Provided records START

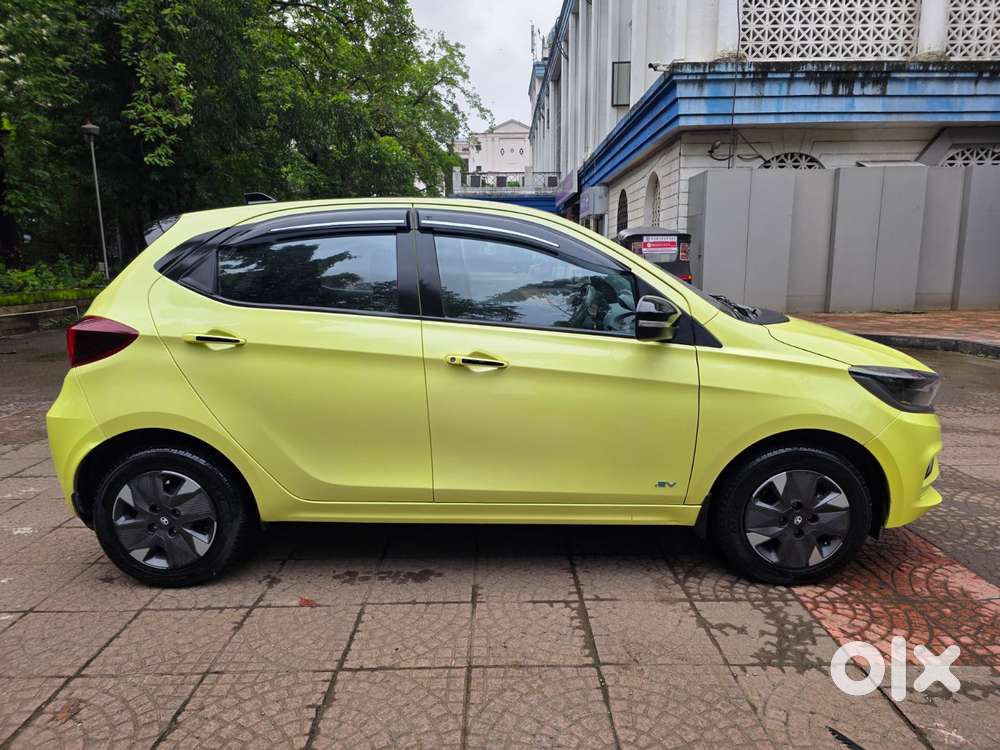 Tata Tiago Ev Xz Plus Tech Lux Long Range Fast Charger, 2025, Electr..
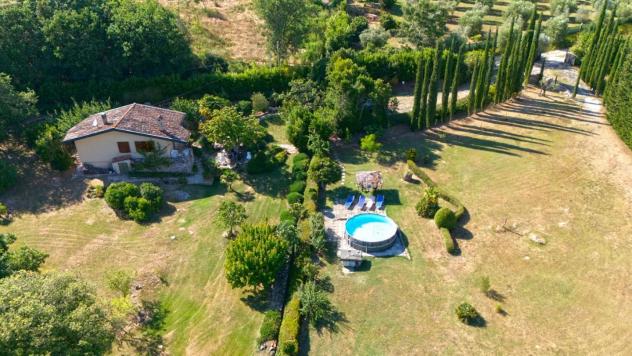 Villa in vendita a Gualda - Monteverdi Marittimo 75 mq Rif: 1423545 - Foto 5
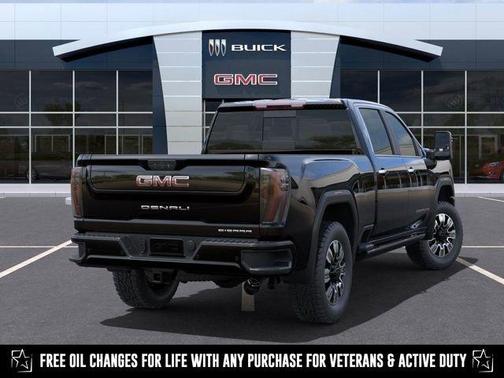 2025 GMC Sierra 2500 Denali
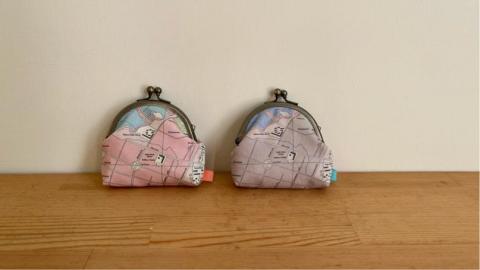 觸感私塾 - 布花設計 口金包 設計代工 包袋少量設計代工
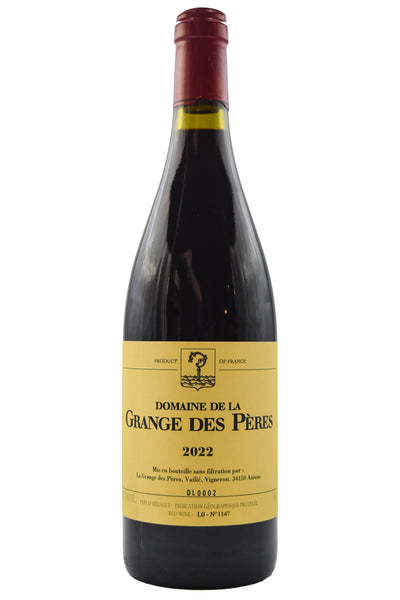 Domaine De La Grange des Peres Vin de Pays de l'Herault Rouge 2022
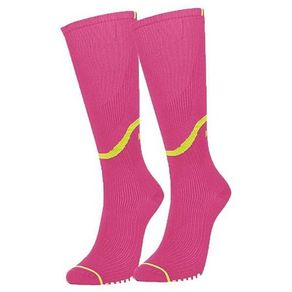 Meia Selene Esportiva Poliamida 3/4 Rosa 34 a 39 Meia Selene Esportiva Poliamida 3/4 Rosa - Un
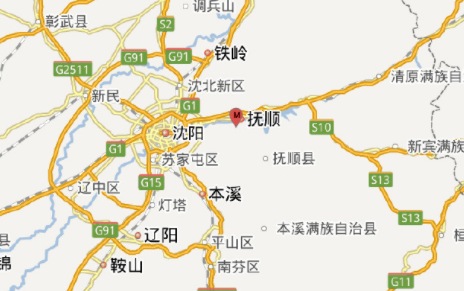 2018年4月29日抚顺地震最新消息1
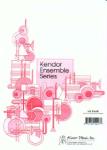 Kendor Brahms Fote  Chorale Prelude No. 8 - Trombone Quartet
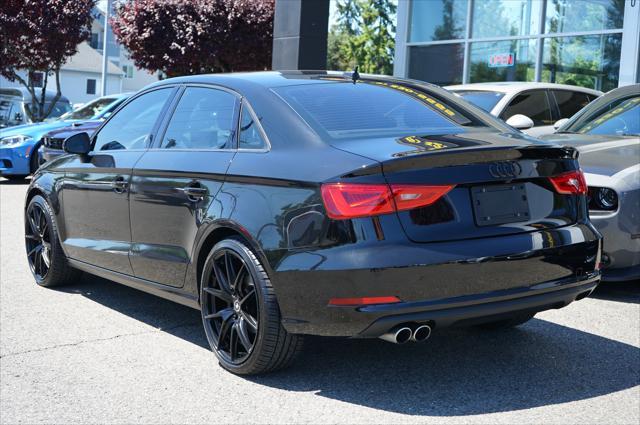 used 2016 Audi A3 car, priced at $15,995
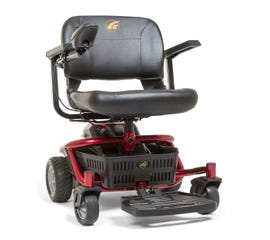 Golden LiteRider Envy Power Wheelchair - Main Image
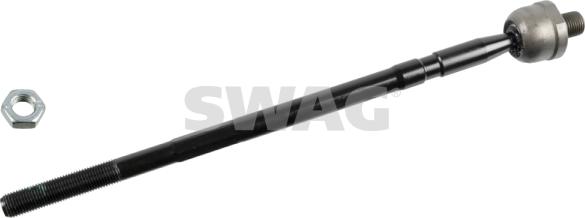 Swag 89 72 0001 - Aksiālais šarnīrs, Stūres šķērsstiepnis www.autospares.lv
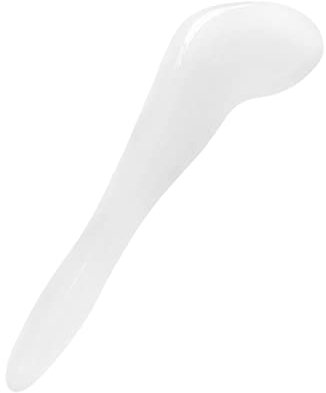 Beavorty Portable Massage Pen Für Akupressur Und Schmerzlinderung Multifunktionales Gua Tool Für Und Männer Weiß Für Fuß Nacken Und Rückenmassage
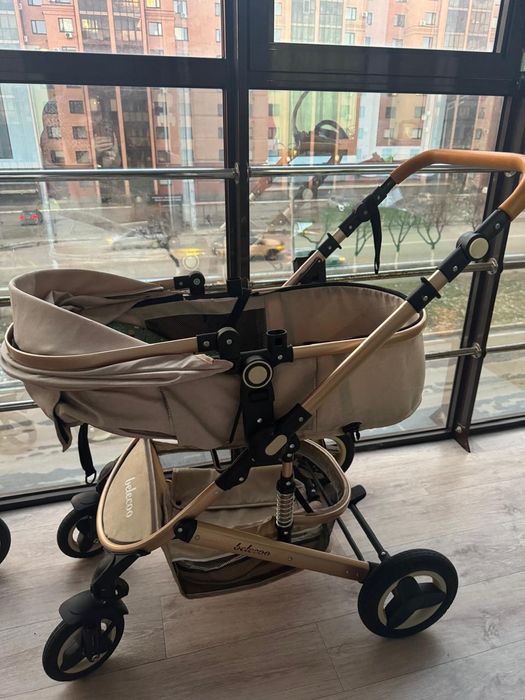 Продам коляску зима- лето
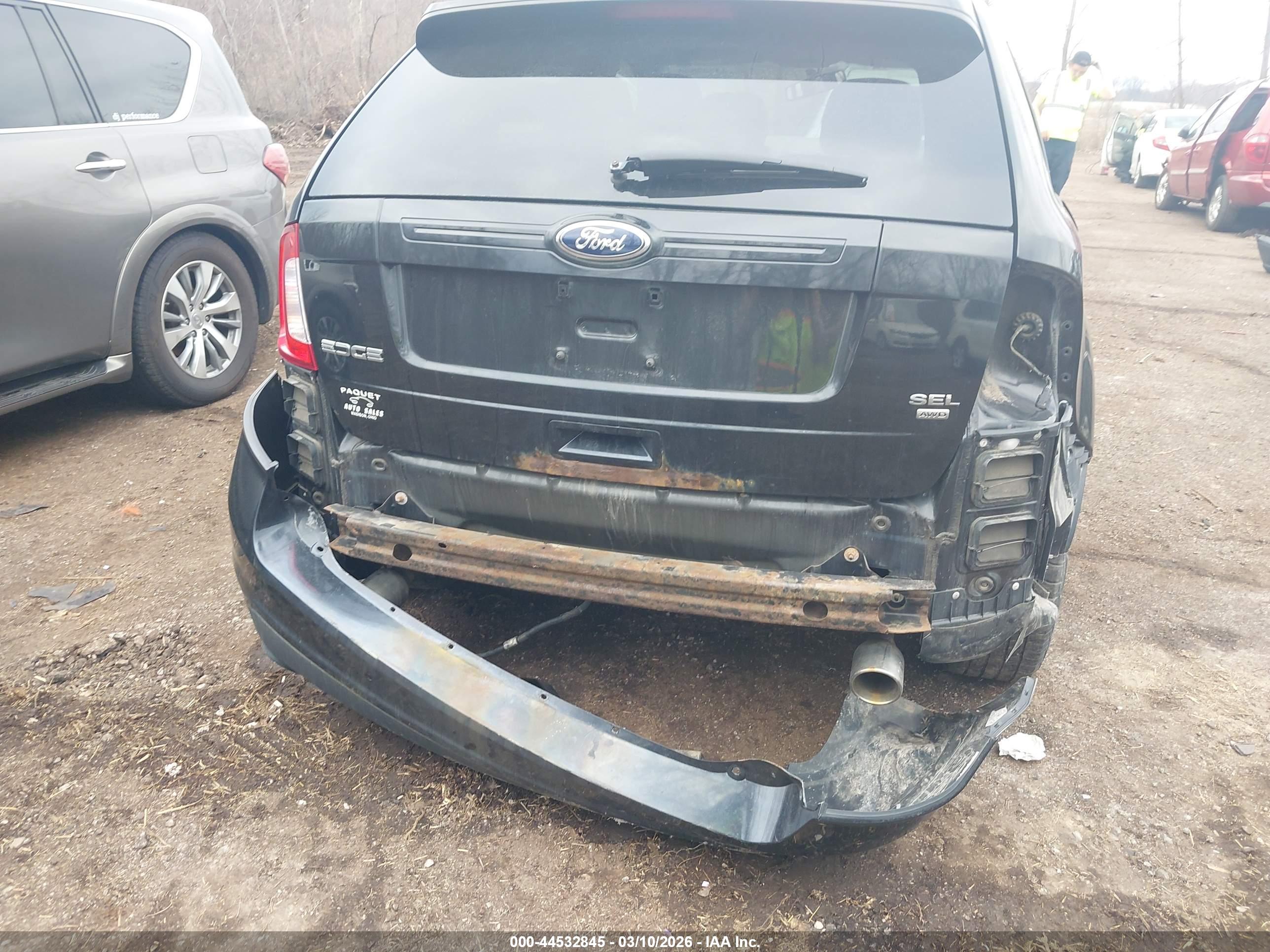 FORD EDGE image 6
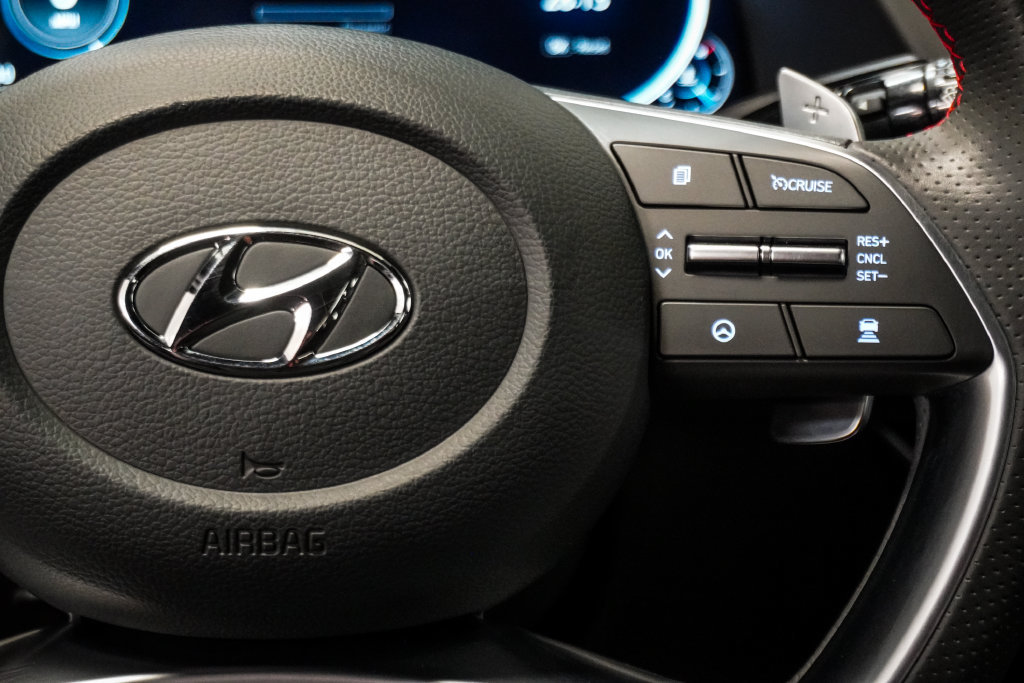 Used 2023 Hyundai Sonata SEL Plus w/ Cargo Package FWD image 15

Provided records END

Pictures are not part of the copy; output everything else in the records exactly.

Task result ->
 Tata Tiago Ev Xz Plus Tech Lux Long Range Fast Charger, 2025, Electr..
 Villa in vendita a Gualda - Monteverdi Marittimo 75 mq Rif: 1423545 - Foto 5
 2025 GMC Sierra 2500 Denali
 觸感私塾 - 布花設計 口金包 設計代工 包袋少量設計代工
 Domaine De La Grange des Peres Vin de Pays de l'Herault Rouge 2022
 Meia Selene Esportiva Poliamida 3/4 Rosa 34 a 39 Meia Selene Esportiva Poliamida 3/4 Rosa - Un
 2018年4月29日抚顺地震最新消息1
 Kendor Brahms Fote  Chorale Prelude No. 8 - Trombone Quartet
 used 2016 Audi A3 car, priced at $15,995
 Golden LiteRider Envy Power Wheelchair - Main Image
 Swag 89 72 0001 - Aksiālais šarnīrs, Stūres šķērsstiepnis www.autospares.lv
 Beavorty Portable Massage Pen Für Akupressur Und Schmerzlinderung Multifunktionales Gua Tool Für Und Männer Weiß Für Fuß Nacken Und Rückenmassage
 Продам коляску зима- лето
 FORD EDGE image 6
 Used 2023 Hyundai Sonata SEL Plus w/ Cargo Package FWD image 15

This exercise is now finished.